Evaluator returns NaN?

FruitVinegar · January 5, 2021, 2:45pm

Oh my. Why I didn’t put that context manager in first code snippet.
Well, after wrapping my first code with

with torch.no_grad():

(which is same with your suggestion) also generates NaN values.

Then the problem is (probably) my model does not works well in evaluation phase… which means the problem is on my model.
I got important clue so I’ll try more to figure out the problem is. Thanks for the good point…
(Last my question was also not ignite-related problem(lambdas with output_transforms) But I saw my traces on your API documents.
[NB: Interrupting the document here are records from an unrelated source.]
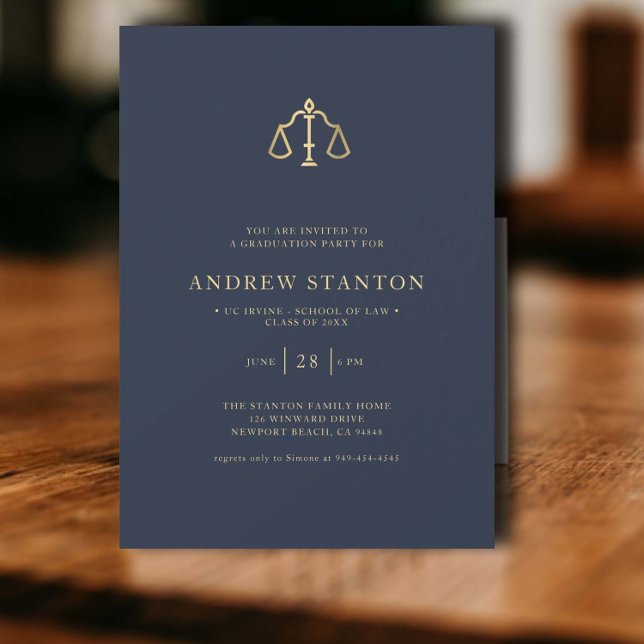 Lag School Studenten skalar den moderna flottan fö Inbjudningar (law school graduation party invitation gold scales of justice navy elegant modern classic)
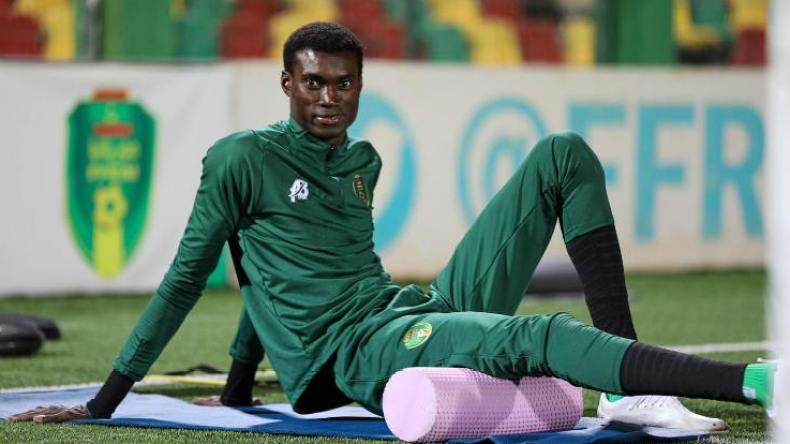 مُنافس “الخضر” جلب حارسا بِطول يقترب من المِترَين!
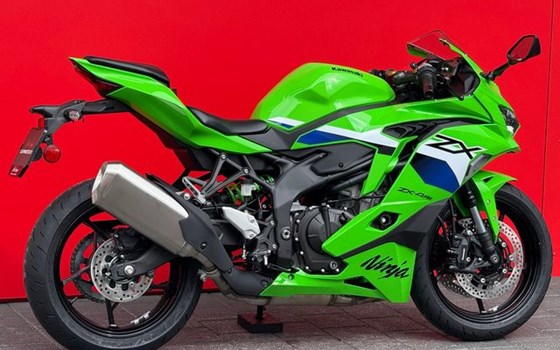 Neufahrzeug Kawasaki Ninja ZX-4RR - Bild 7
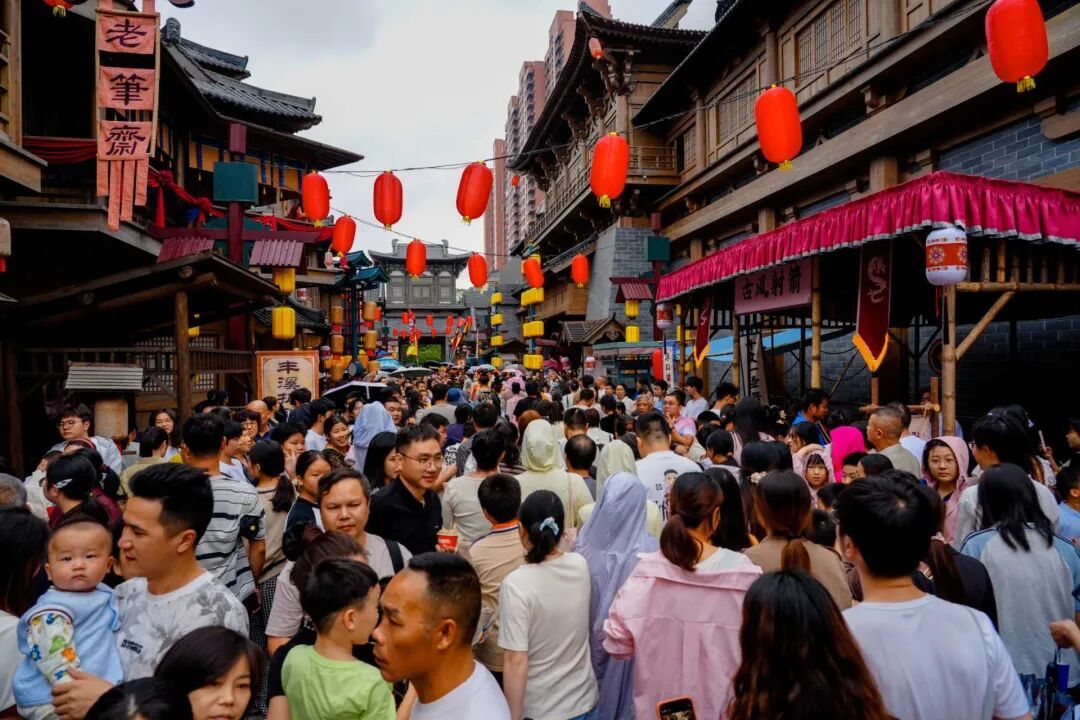 一天涌入3万游客！上饶广丰这条古街，凭什么这么火？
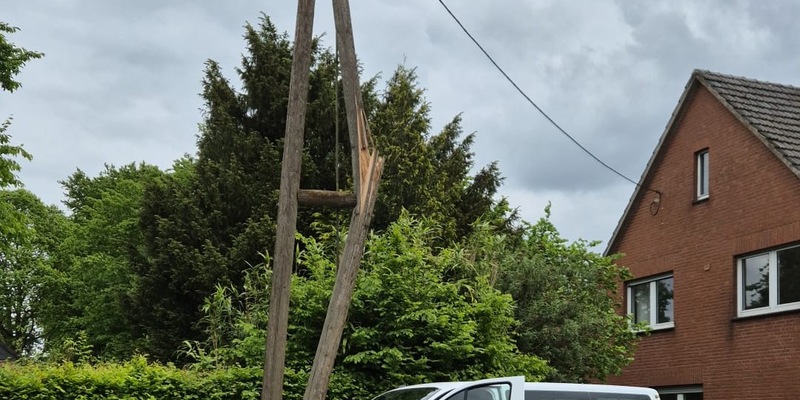 FW Xanten: Feuerwehr Xanten bei zwei Verkehrsunfällen im Einsatz - Foto: presseportal.de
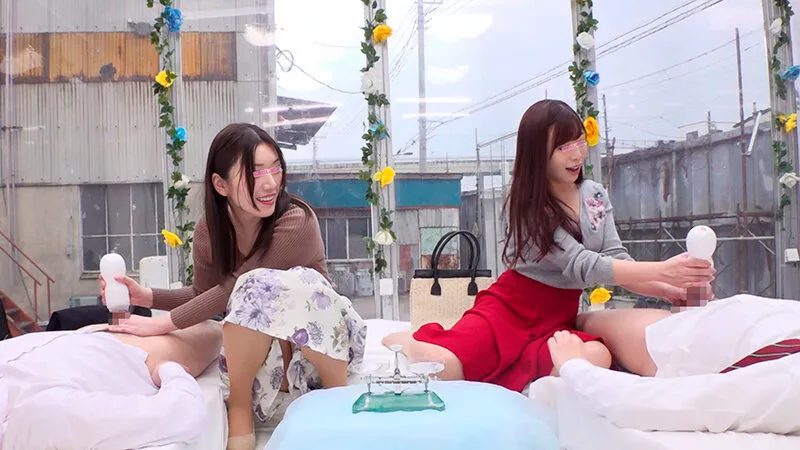 顔出しMM号 美人妻限定 ザ・マジックミラー 仲良しママ友対抗！童貞逆ナンパ射精バトル！！ 2 出会ったばかりの年下童貞を人妻が恥じらいながらも手コキ・オナホコキ・フェラ！筆おろし中出し！！ サンプル画像 5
Hope my works helps users )

Anyway, my model is customized-resnet architecture, which enables quantize-aware training for both activation and weights with 8 bits.
This uses third-party library and components, but I think the problem is not on them.(I hope)
This is the third-party library what I used: Brevitas: Pytorch library for quantization-aware training.
and I referenced the original resnet architecture from: SOURCE CODE FOR TORCHVISION.MODELS.RESNET

import typing as ty
#import logging

import torch
import torch.nn as nn
import brevitas
import brevitas.nn as qnn
import torchvision

from architectures.components.PACT import PACTReLU

#logging.basicConfig(filename='QAT_8b_PACT_gradClip.log', level=logging.DEBUG)

__all__ = ['ResNet_QAT_8b', 'resnet18_QAT_8b']


def conv3x3(in_planes, out_planes, stride=1, groups=1, dilation=1):
    """3x3 convolution with padding"""
    return qnn.QuantConv2d(in_planes, out_planes, kernel_size=3, stride=stride,
                           padding=dilation, groups=groups, bias=False, dilation=dilation, weight_bit_width=8)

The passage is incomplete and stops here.